William Jones, the son of Peter and Sarah Keller Jones, (Note: His parents were married in Jefferson County, Kentucky in 1800. Peter had a political career and made most of his income from Jones Tavern in Vincennes, Indiana. He was involved in the Treaty of Fort Wayne as Indian treaty council secretary. Peter Jones also served in territorial government of William Henry Harrison.) was born on January 5, 1803, in Vincennes, Indiana. William Jones was exposed to important people and events in his childhood and received a good education. He apprenticed for a wholesale dry goods firm in Louisville, Kentucky.

He married Fanny Payne and had two young children that died in their childhood. He left Kentucky and opened a successful store in Jonesboro, Spencer County, Indiana in 1827 and lived in a nearby log cabin. In 1830, he married Rachel Oskins and they had five sons.

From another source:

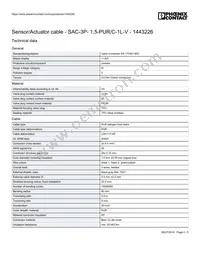 1443226 Datasheet Page 2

Jones sold and bartered merchandise and shipped farmer's grain, tobacco, hides, pork, venison, and beef to New Orleans on flatboats. He also became a postmaster. Jones employed Abraham Lincoln, who lived a few miles from Jones in the Little Pigeon Creek Community, to butcher and process meat and unpack boxes in 1829. Lincoln read all of Jones' books and Jones remarked that "Lincoln would make a great man one of these days."

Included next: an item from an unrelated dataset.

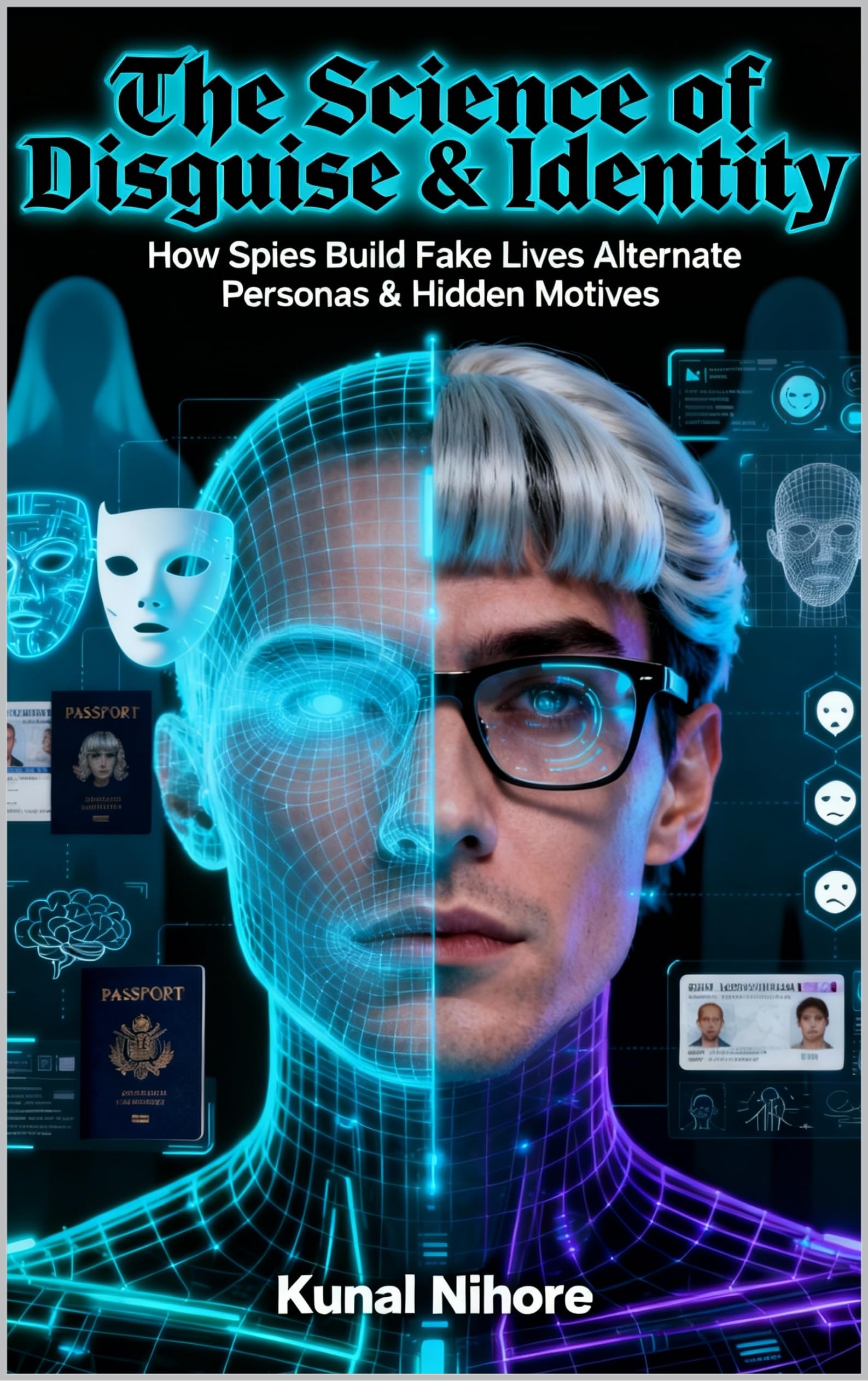 The Science of Disguise & Identity: How Spies Build Fake Lives, Alternate Personas & Hidden Motives (The Covert Mind Series Book 4)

Jones was elected in 1838 to the Indiana General Assembly, where he supported internal improvements and economic development and served until 1841. Jones was a supporter of Whig Henry Clay and was "incapacitated" for several days when Clay lost the presidential election. Lincoln, who was then an Illinois elector became a Whig, had heard Jones political views and campaigned. Lincoln made speeches for Clay in 1844 and stayed at the Jones House at that time. Jones and Lincoln both became Republicans when the Whig party was terminated.

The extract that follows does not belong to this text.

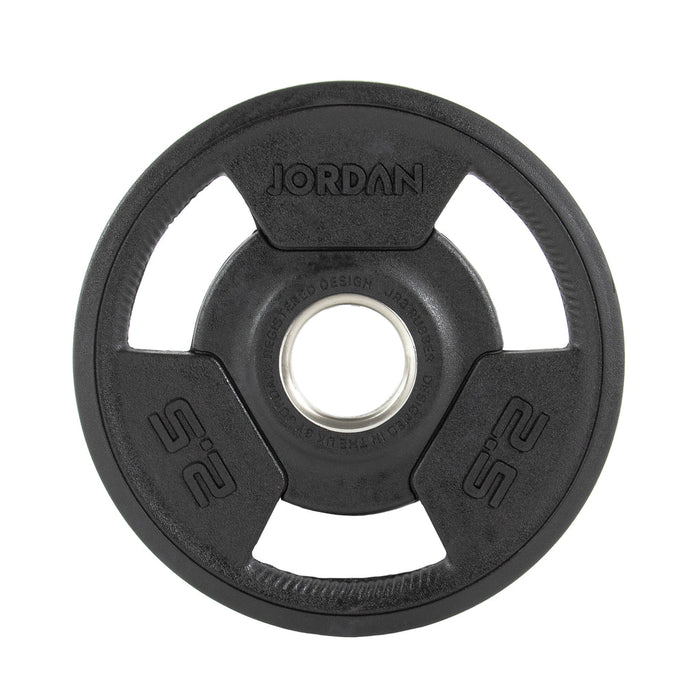 Jordan Rubber Tri-Grip Olympic Plate Sets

In the 1850s, Jones moved to Gentryville, Indiana and opened another store. Jones was a Union colonel (Note: He was made lieutenant colonel on February 24, 1862, and Colonel on July 22, 1864.) of the 53rd Regiment of Indiana Volunteers (transferred from the 62nd Indiana Infantry Regiment in 1862) during the Civil War. He received battle honors for his service at Meridian Expedition, Siege of Corinth, and Battle of Atlanta, where he died on July 22, 1864. Jones was wounded in his head and both thighs. His remains were buried at the Marietta National Cemetery in Georgia.

==Jones House==
Jones built the Colonel William Jones House across the street from his cabin around 1834 when his business endeavors made him wealthy. The one-story, five room, brick house (Note: The Federal style houses are generally two-story.) is a Federal style house with Classical Revival features, including a Greek columned front porch and pediment added about 1887. It has a captain's walk on the roof and a small loft. Lincoln's father, Thomas Lincoln, is said to have built the corner cupboard in the kitchen. It sits on one of the area's highest points.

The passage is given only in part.